Wer in Chinas Metropolen tagtäglich stundenlang im Stau steht, braucht in seinem Auto vor allem drei Dinge: Bequeme Sitze, Beinfreiheit und gute Unterhaltung.Sabine Gusbeth 27.04.2023 - 11:41 Uhr Artikel anhören

In der wöchentlichen Kolumne schreiben Handelsblatt-Korrespondenten im Wechsel über Innovations- und Wirtschaftstrends in Asien.

Foto: Klawe Rzeczy

Shanghai. So manchem deutschen Automanager dürfte in Shanghai bei der Fahrt zwischen Automesse und Hotel in der Innenstadt bewusst geworden sein: Auf dem größten Automarkt der Welt zählen nicht PS-starke Motoren, sondern ein bequemer Sitz, Beinfreiheit und ein gutes Unterhaltungsprogramm.

Denn für die knapp 25 Kilometer musste man in den vergangenen Tagen manchmal bis zu zwei Stunden einplanen. Viele Handelsblatt-Artikel über die Automesse, die an diesem Donnerstag endet, sind auf der Rückbank eines Taxis mit dem Computer auf dem Schoß entstanden.

Jörg Wuttke, Chef der EU-Handelskammer in China, drückt es mit langjähriger Erfahrung vor Ort so aus: In China will man nicht von A nach B fahren, sondern von A nach B unterhalten werden.

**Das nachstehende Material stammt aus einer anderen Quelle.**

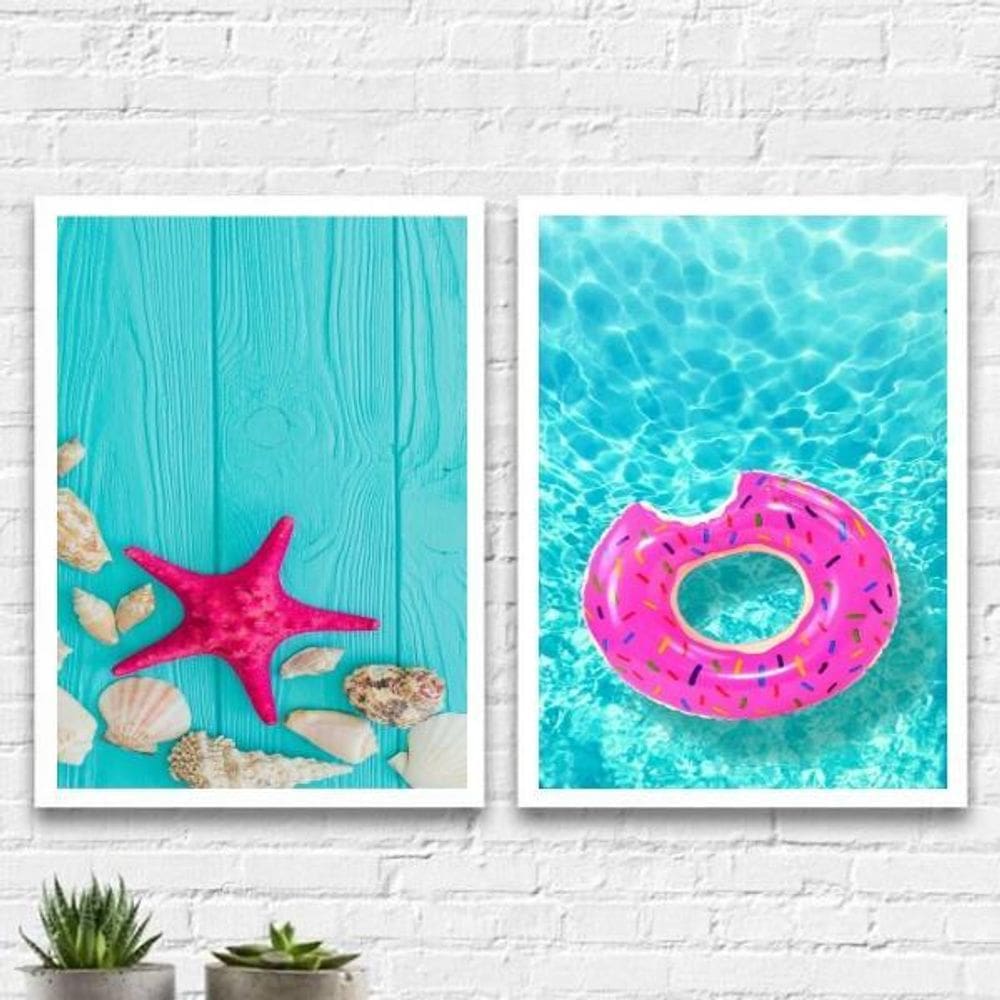 Kit 2 Quadros Verão Azul E Rosa 45X34Cm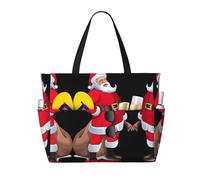Ghjkfbf Sac de voyage de plage avec imprimé Père Noël mignon de grande capacité pour la famille, sac fourre-tout de plage pour femme avec poches zippées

Als der damalige Volkswagen-Chef Herbert Diess 2022 betonte, man brauche eine Karaoke-Funktion im Auto, um in China zu reüssieren, wurde er von vielen belächelt. Doch die in der Volksrepublik überaus beliebten Mitsing-Apps werden von Neuwagenkäufern ebenso erwartet wie Spielekonsolen auf dem Rücksitz für die mitreisenden Kinder.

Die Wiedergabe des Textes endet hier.